When Judge Bell dismissed Foreman John Granda and the eleven women on the jury with him, a swarm of reporters and photographers rushed to the jury room to determine how the panel had reached its verdict. It was “bedlam,” the Cincinnati Enquirer reported.

The jury took two ballots. The first came at their meeting on the morning of November 6 when they unanimously and quickly agreed that Anna Marie was guilty, but one vote was cast with a recommendation of mercy. The panel reviewed some of the testimony and took a second ballot at noon. The vote was unanimous: no mercy.
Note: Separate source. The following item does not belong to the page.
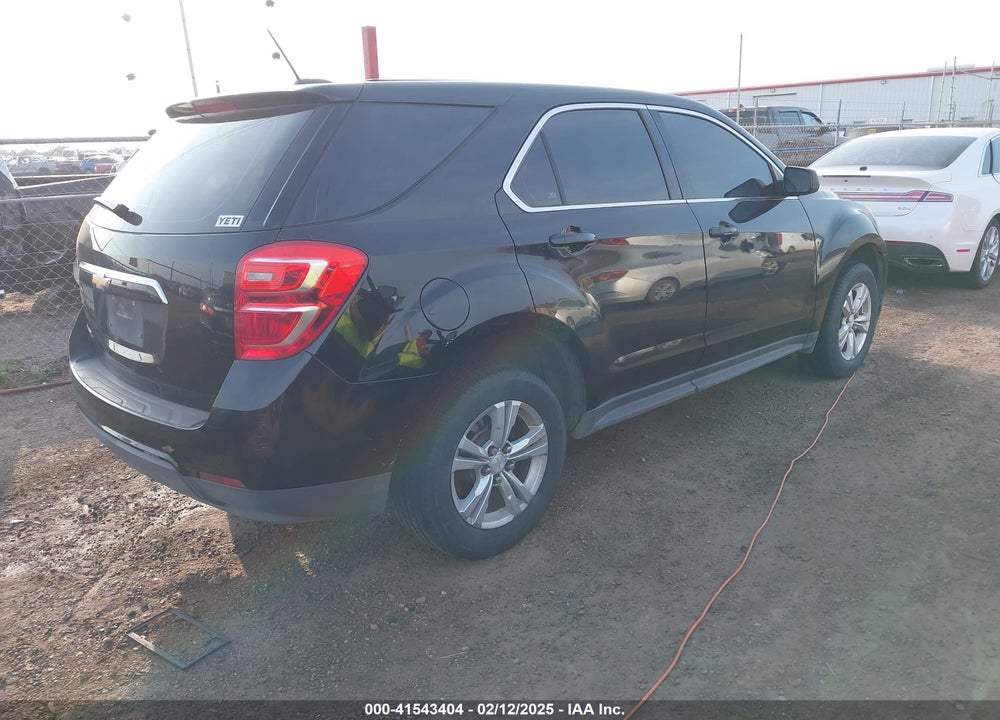 2017 CHEVROLET EQUINOX VIN: 2GNALBEK1H1608280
Anna Thompson, who turned sixty-five the day deliberations began, initially voted for mercy. She explained that she had a daughter, Aurdelle, the same age as Oscar. “I just couldn’t bear the thought of that boy going through life with the memory that his mother had been executed. But when we talked it over, it seemed better for the boy to be taken away from his mother. So, I voted with the rest.” During the reading of the verdict, however, she cried.

Several agreed that the defendant’s purse that was shown to contain arsenic was the most damning of the 137 prosecution exhibits placed in evidence. “We knew that nothing could come into that purse through that piqué lining,” said juror Marjorie Bishop, the wife of a tailor and a seamstress herself. “I know that the insides of purses are made of cotton piqué, finely woven. Nothing goes through them.”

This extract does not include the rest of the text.